The Baroque opera group will use Rosand’s funding to produce one major on-campus production each year. Claudia Rosenthal ’08, managing director of the Opera Theatre of Yale College, said she believes the OTYC will be able to work with the Baroque group to enhance opera at Yale.

“I am excited to have the opportunity to discuss ways that professor Rosand can work together with the OTYC,” Rosenthal said. “I look forward to the focus that professor Rosand will bring to this genre in the upcoming years.”

Rosand said the planned conferences at the Whitney Humanities center are intended to explore topics related to the Baroque Period, an era during the 17th and early 18th centuries characterized by a complex and ornate style of music, art and architecture. The conferences will focus on Baroque dance, staging and poetry. Rosand said she also hopes to bring famous coaches and professionals to campus to provide more Baroque instruction.

Professor Richard Lalli, who is working on the project with Rosand, said they expect to expand the reach of the grant by working with other University groups.

“Already there are plans to combine graduate student singers from the School of Music — those who also sing with Schola Cantorum — with undergraduate singers,” Lalli said. “The instrumental component will also mix the two, and talks are underway with the Theater Studies Department where another Mellon recipient, Joseph Roach, teaches.”
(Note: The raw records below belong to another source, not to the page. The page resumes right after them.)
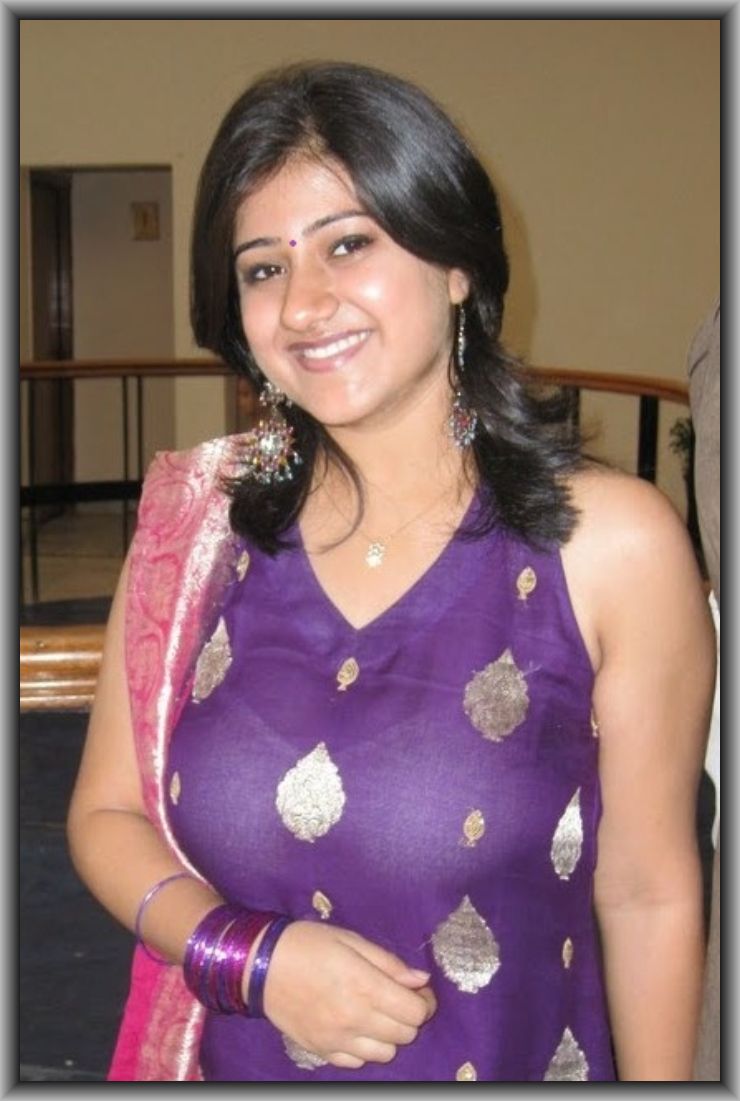 darren hydrick add Indian Bhabi photo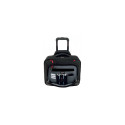 "WENGER Transfer 40,6cm 16Zoll Trolley mit Tablet Innentasche schwarz"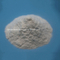 Hidroxipropilmetilcelulose HPMC para adesivo de azulejo
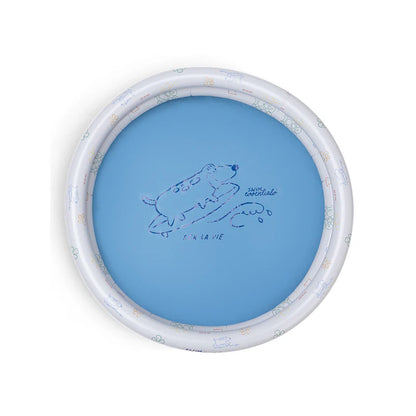 Swim Essentials - Bazen - Surfer (100cm)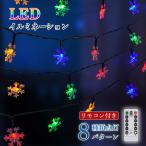  illumination освещение 12m снег. кристалл с дистанционным пультом LED illumination украшение Halloween свадьба снег рисунок оборудование орнамент Рождество 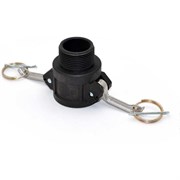 Камлок HIMPT 00-00007790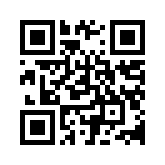 QR-Code https://ppt.cc/Cumq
Robert Mealy, a lecturer for the Institute for Sacred Music, said he is excited to work on the project in order to make Baroque music more of a force in the lives of students.

“This is music that dances, that sings, that makes you laugh and cry; it’s music that the students won’t ever forget once they’ve lived with it for a while,” Mealy said in an e-mail. “Having the opportunity to introduce students to some of the music I feel most deeply about is a great joy.”

Rosand said the biggest challenge she faces in planning the program is finding a place to perform the shows.

“The problem is facilities — we really need to get Yale a small theater,” she said. “We need a donor of Yale to step up to the plate. We don’t have a theater, but we have the talent and the motivated faculty.”

Lalli said the shortage of performance venues will likely lead to the use of unconventional locations for the proposed Baroque operas.

“I think the lack of space will force us to be even more creative,” Lalli said. “There might be operas in gymnasiums or abandoned factories.”

Rosand became a member of the Yale faculty in 1992 and chaired the Department of Music from 1993-’98. She has also co-taught Italian and comparative literature classes.

Rosand said she hopes the University will find a way to fund the program after the three years covered by the grant come to an end.

“My plan is to make it so gorgeous and excellent that Yale can’t afford to lose it,” she said. “There could be a legacy to this — someone might come forth to do this on a higher level.”

The Andrew W. Mellon foundation has given Distinguished Achievement Awards to support the humanities since 2001.